Spatiotemporal Link Formation Prediction in Social Learning Networks Using Graph Neural Networks

A new GNN framework outperforms traditional methods by analyzing time and space...

Deep Dive

A team from North Carolina State University and the University of North Carolina at Charlotte has developed a graph neural network (GNN) framework that predicts how students will interact in classroom social learning networks (SLNs). SLNs map students as nodes and their interactions as edges, but traditional link prediction methods—designed for general online social networks—fail to capture the complex, non-Euclidean, and dynamically evolving structure of educational settings. The researchers' approach jointly models temporal evolution (how interactions shift over a course) and spatial aggregation (combining data from multiple classrooms) to make more accurate predictions.

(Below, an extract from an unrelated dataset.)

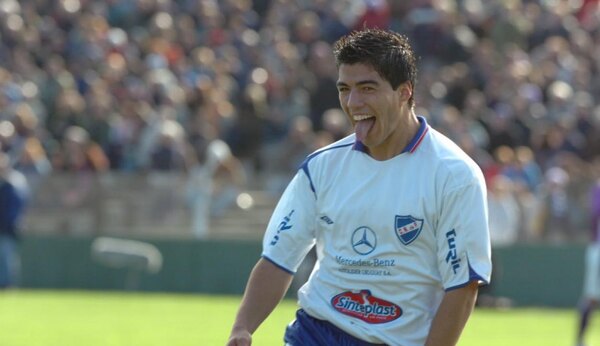Versus / Masiva campaña en Uruguay para que Luis Suárez retorne a Nacional - Paraguaype.com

Tested on four distinct classrooms, the GNN framework showed statistically significant performance improvements over conventional baselines. Key findings include: prediction accuracy improves as courses progress temporally; aggregating SLNs from multiple classrooms boosts performance, especially in sparse datasets; and jointly leveraging temporal and spatial data significantly outperforms analyzing classrooms in isolation. The work, published at EDM 2026, demonstrates practical value for early-course decision-making and scalable learning analytics, enabling educators to design better group activities and intervene when students are at risk of disengagement.

Key Points
  • GNN framework jointly models temporal evolution and spatial aggregation across classrooms for link prediction in SLNs.
  • Significant accuracy improvements over baselines, especially when combining temporal and spatial data from multiple classrooms.
  • Published at Education Data Mining (EDM) 2026, with implications for early-course interventions and scalable learning analytics.

Why It Matters

Enables educators to predict student collaboration patterns, improving group design and early interventions at scale.